Depth First vs. Breadth First

jbmusso edited this page Jul 11, 2016 · 19 revisions

Attention: this Wiki hosts an outdated version of the TinkerPop framework and Gremlin language documentation.

Please visit the Apache TinkerPop website and latest documentation.

[ Note: Image linked to from original webpage ]

Depth-first traverse traverses down an entire path as specified by a path expression before turning to the next legal path. On the other hand breadth-first traverse traverses legal paths “in parallel,” where at each step, all legal objects are computed before moving onto the next step of the path. Gremlin provides support for both types of traversals.

Depth-First Traversal

Gremlin is naturally a depth-first traversal language/engine. Typical path expression (as used in this documentation) evaluate in a depth-first manner. The following “co-created” expression is a depth-first expression.
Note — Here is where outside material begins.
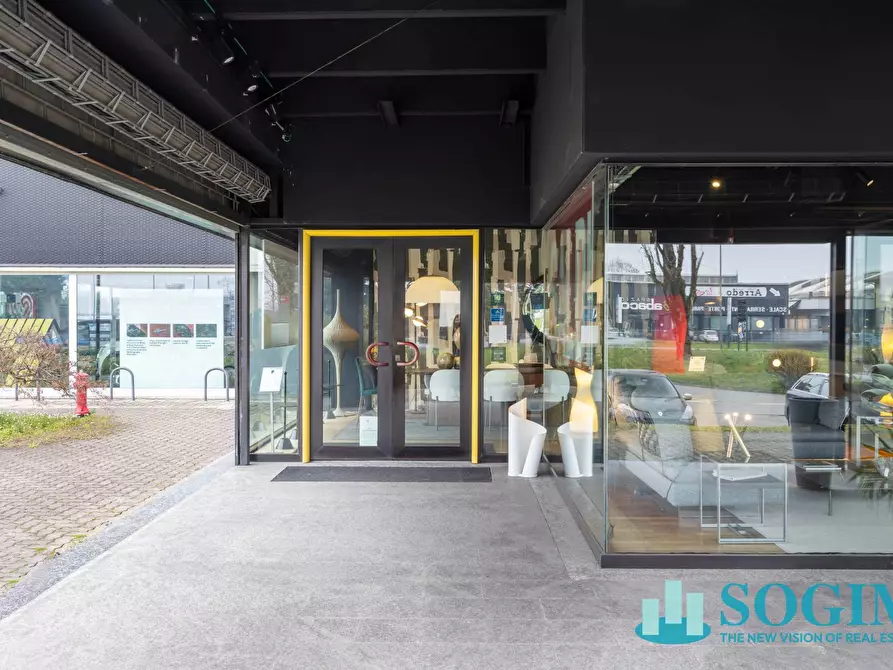 Immagine 4 di Locale commerciale in vendita  in via ugo la malfa 4 a Cernusco Sul Naviglio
gremlin> g = TinkerGraphFactory.createTinkerGraph()
==>tinkergraph[vertices:6 edges:6]
gremlin> g.v(1).outE('created').inV.inE('created').outV

In the expression above, the following occurs in the Gremlin evaluator (see Defining a Property Graph for diagram of graph).

  1. Vertex 1 is passed to step outE which yields three outgoing edges.
  2. The first of these outgoing edges is then passed into the label filter and goes through since its a created edge.
  3. The edge then goes to the next step inV which produces vertex 3.
  4. Vertex 3 is then passed to inE which yields three edges.
  5. The first edge is passed to the label filter and passes through because its a created edge.
  6. The edge is passed to outV which yields vertex 1.

At this point, the path expression is complete for the full depth of the expression (thus, depth-first). The evaluator then goes onto the remaining two edges created from the first outE and the process continues until all legal branches of the path expression have been evaluated.

Breadth-First Traversal

[ Note: Image linked to from original webpage ]

In a breadth-first traversal, all results for each step of the process are gathered before the next step is evaluated. The equivalent breadth-first traversal for the previous “co-created” expression is as follows.

gremlin> g.v(1).outE('created').gather.scatter.inV.gather.scatter.inE('created').gather.scatter.outV.gather.scatter

The gather step is used to aggregate all the results of the previous step into a list. Given that gather exhausts all the objects of the previous step and emits a list. The scatter step is used to unroll that list and pass it to the next step.

With gather, the generated list can be analyzed by a step to determine some desired property that is a function of all current objects in the breadth of the path. For example.

gremlin> g.v(1).outE.gather{ println "processing: ${it}"; return it.get(0) }.inV
processing: [e[7][1-knows->2], e[8][1-knows->4], e[9][1-created->3]]

Note that with breadth-first traverse being controlled by the gather step, its possible to intermix the use of depth- and breadth-first traversing in a single path expression. In other words, its not necessary to gather all results from the previous step at every step. In fact, its only necessary when all objects of a particular part of the path expression are needed in a computation.